Luiz Carlos da Costa, que ocupa o mais alto posto dentre os brasileiros que trabalham no secretariado-geral da ONU, em Nova York, afirma que a instituição, que completa 60 anos em outubro, está longe de ser irrelevante como afirmam os críticos.
- A ONU só perderá a relevância quando prevalecer a opinião de que é um instrumento a serviço da política externa de um ou mais Estados membros - disse o diretor Logístico do escritório de Suprimentos do Departamento de Manutenção da Paz da organização.
Para Costa, qualquer um que caracterizar a ONU como anacrônica ''deve antes analisar as decisões individuais de cada país-membro''.
- É certo que encontrarão pontos críticos. Mas afirmar que a ONU é irrelevante seria um injustiça - afimou.
Segundo ele, a invasão do Iraque em 2003, liderada pelos EUA e não autorizada pelo Conselho de Segurança ''provocou desilusões''. Mas quando Washington procurou criar uma estrutura iraquiana para administrar o país, os americanos se voltaram para as Nações Unidas.

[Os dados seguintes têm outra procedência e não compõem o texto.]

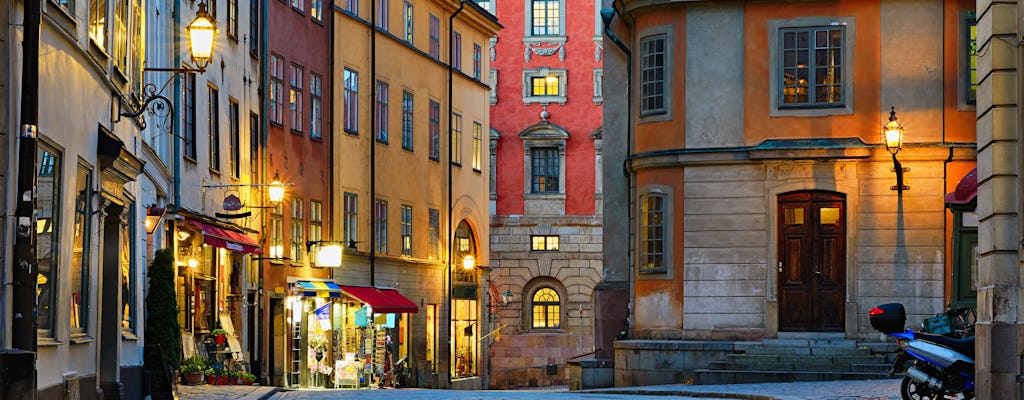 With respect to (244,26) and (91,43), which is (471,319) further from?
(91,43)

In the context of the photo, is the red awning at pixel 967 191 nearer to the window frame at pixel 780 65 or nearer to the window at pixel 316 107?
the window frame at pixel 780 65

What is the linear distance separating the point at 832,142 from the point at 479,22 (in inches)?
972

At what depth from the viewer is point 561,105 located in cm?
6481

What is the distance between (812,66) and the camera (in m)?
30.2

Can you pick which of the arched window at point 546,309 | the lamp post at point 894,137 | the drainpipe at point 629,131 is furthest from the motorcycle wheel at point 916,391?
the arched window at point 546,309

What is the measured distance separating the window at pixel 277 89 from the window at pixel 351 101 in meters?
4.60

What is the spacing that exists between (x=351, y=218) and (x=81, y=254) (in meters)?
24.5

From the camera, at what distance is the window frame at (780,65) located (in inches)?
1179

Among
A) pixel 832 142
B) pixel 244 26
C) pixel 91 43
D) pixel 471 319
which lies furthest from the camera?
pixel 471 319

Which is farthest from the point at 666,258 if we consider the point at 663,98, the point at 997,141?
the point at 997,141

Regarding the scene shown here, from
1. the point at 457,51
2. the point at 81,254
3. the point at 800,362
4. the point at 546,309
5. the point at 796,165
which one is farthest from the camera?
the point at 546,309

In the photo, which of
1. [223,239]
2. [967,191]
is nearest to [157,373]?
[223,239]

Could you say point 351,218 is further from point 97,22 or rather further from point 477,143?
point 97,22

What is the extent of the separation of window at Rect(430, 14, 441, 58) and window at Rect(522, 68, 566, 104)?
1490 centimetres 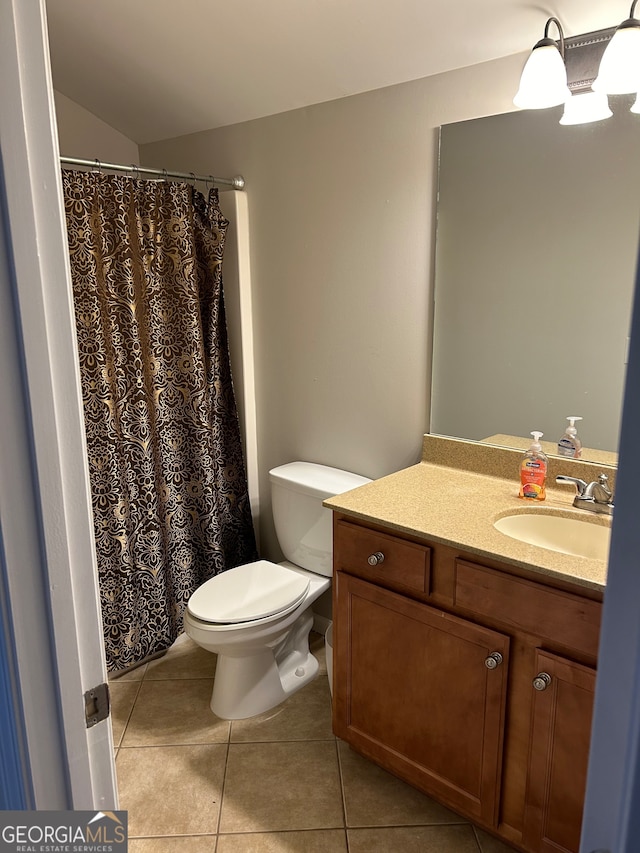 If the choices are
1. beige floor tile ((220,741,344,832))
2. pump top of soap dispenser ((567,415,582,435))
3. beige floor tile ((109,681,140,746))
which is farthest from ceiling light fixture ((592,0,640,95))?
beige floor tile ((109,681,140,746))

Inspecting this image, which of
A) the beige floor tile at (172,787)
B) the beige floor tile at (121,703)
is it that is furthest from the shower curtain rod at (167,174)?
the beige floor tile at (172,787)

O brasileiro disse ao JB que a ONU está passando por uma renovação, e não por uma aposentadoria.
- O maior desafio da ONU é atuar com eficiência na globalização - disse Costa.
De acordo com Costa, a ONU se confronta com uma dupla realidade: há uma demanda maior das operações de paz no mundo, mas também um aumento na complexidade das missões.
- Precisamos melhorar nossa capacidade em acessar situações de conflito, além de gerir de forma eficaz as nossas intervenções - diz o funcionário.
O Departamento de Operações de Manutenção da Paz administra mais de 75 mil militares e polícias civis internacionais e locais.
- Tudo isto implica em orçamentos adicionais - afirma.
De acordo com Costa, a ONU tem feito sistemáticos apelos aos países-membros para que se empenhem na construção da paz.
Apesar de o Brasil ter uma representação limitada na ONU, está entre os dez que mais contribuem com o orçamento regular da instituição, com uma verba anual superior a US$ 23 milhões.
- Sob o ponto de vista militar, o país contribui com a ampla participação de tropas em áreas de conflitos - diz Costa.
Os militares brasileiros tiveram participação em missões de estabilização no Timor Leste, na Croácia, na Macedônia, na Nicarágua, em El Salvador, na Guatemala e na antiga Iugoslávia.
Atualmente, o País lidera a força de paz da ONU no Haiti.
- Essas ações explicam a valorização do soldado brasileiro na ONU - afirma Costa. - O problema do Haiti é a pobreza e o colapso das instituições, que incitam a atuação dos grupos armados. O Brasil tem pedido sistematicamente a liberação de fundos que permitam recuperar a economia e melhorar a qualidade de vida da população haitiana - completa.